Square One is painful, and it cannot be rushed. This square is overflowing with grief. Just like your grief when a parent or a spouse or a dear friend dies, this grief simply must have its way with you, and the best course of action is to accept it. As Tara Brach and other Buddhist teachers often say, “Pain x resistance = suffering. Pain is inevitable; suffering is optional.”
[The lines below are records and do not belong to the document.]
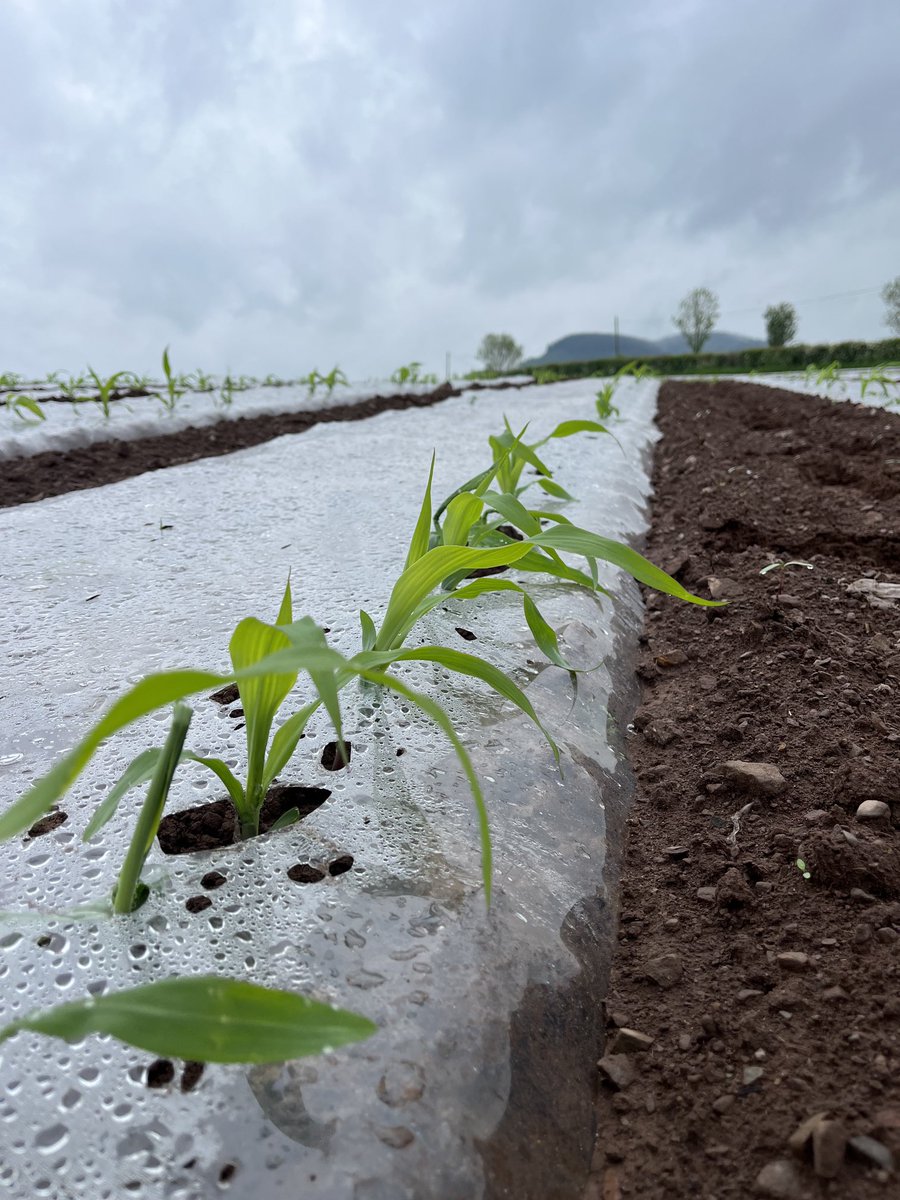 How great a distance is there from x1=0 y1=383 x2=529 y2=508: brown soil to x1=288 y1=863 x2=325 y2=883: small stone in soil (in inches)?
60.0

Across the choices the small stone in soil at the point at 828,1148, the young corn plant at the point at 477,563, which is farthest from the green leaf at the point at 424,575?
the small stone in soil at the point at 828,1148

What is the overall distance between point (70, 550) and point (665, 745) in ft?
3.28

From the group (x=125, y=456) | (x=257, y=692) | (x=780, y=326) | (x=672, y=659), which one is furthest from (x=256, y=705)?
(x=780, y=326)

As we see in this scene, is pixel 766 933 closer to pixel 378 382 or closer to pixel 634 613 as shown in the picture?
pixel 634 613

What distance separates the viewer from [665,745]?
817 millimetres

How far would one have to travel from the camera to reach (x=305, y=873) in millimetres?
530

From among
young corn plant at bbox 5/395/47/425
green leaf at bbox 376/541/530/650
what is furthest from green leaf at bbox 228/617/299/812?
young corn plant at bbox 5/395/47/425

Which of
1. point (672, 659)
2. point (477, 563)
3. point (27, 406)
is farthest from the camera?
point (27, 406)


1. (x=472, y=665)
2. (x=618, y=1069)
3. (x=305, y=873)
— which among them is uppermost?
(x=472, y=665)

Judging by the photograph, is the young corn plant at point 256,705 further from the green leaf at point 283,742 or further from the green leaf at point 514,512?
the green leaf at point 514,512

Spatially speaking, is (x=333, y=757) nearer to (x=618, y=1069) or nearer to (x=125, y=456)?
(x=618, y=1069)

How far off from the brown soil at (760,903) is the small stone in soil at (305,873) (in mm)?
235

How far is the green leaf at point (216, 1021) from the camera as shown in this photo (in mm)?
345

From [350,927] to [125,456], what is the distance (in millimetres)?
2208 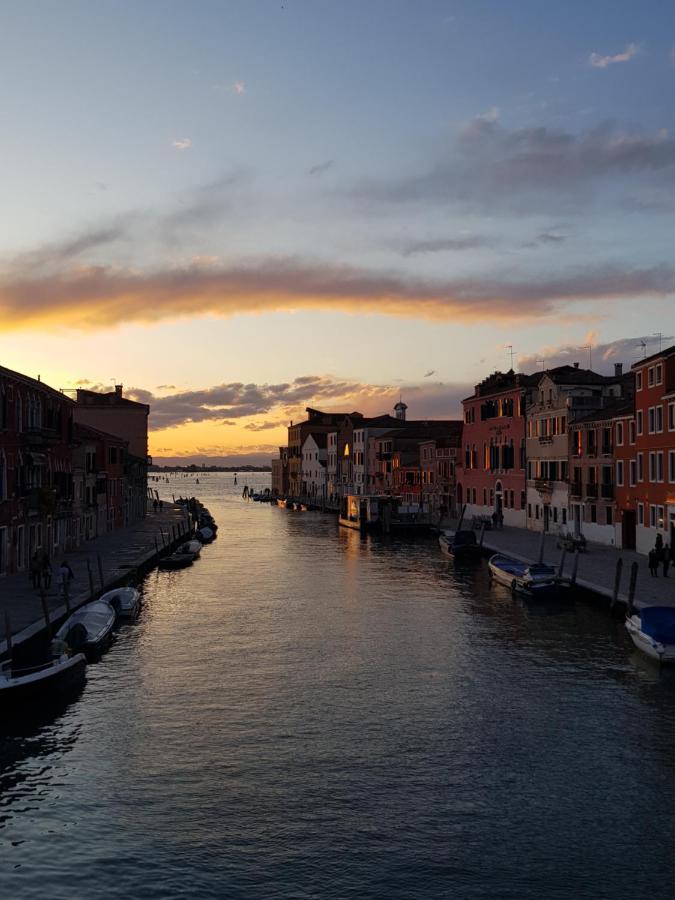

When my mom died, I felt like my world had altered
irrevocably. My life had slipped off the rails. I wasn’t sure I’d ever feel
anything but pain again – joy and happiness seemed like they had fled and would
never return. I know you’ve felt this grief, too. You’ve known the deep sadness
of missing someone or something so much you’re afraid you’ll never recover.
The only thing to do when you’re grieving is to grieve. Grief can’t be rushed. It can’t be sidestepped. The dissolution of Square One simply has to happen. Just as the caterpillar turns to caterpillar soup, we become “person soup.” We have to let our former identities dissolve when the new identities aren’t yet clear. The imago cells that coalesce to form the new creation will only find each other when the old creation is completely fluid. Completely disaggregated.
This is how this has to go. Death and rebirth is how our
world works. It’s the story of winter’s death and the rebirth of spring. It’s sunset
and darkness preceding sunrise and a glorious new day. It’s a waning moon
followed by a waxing moon becoming full and illuminating the night. This is how
this has to go. It’s okay. You’re okay. Let go. Let death have its way with
you.
The only way to come out on the other side of this process a realer, bigger, more present and authentic you is to let the Change Cycle have its way.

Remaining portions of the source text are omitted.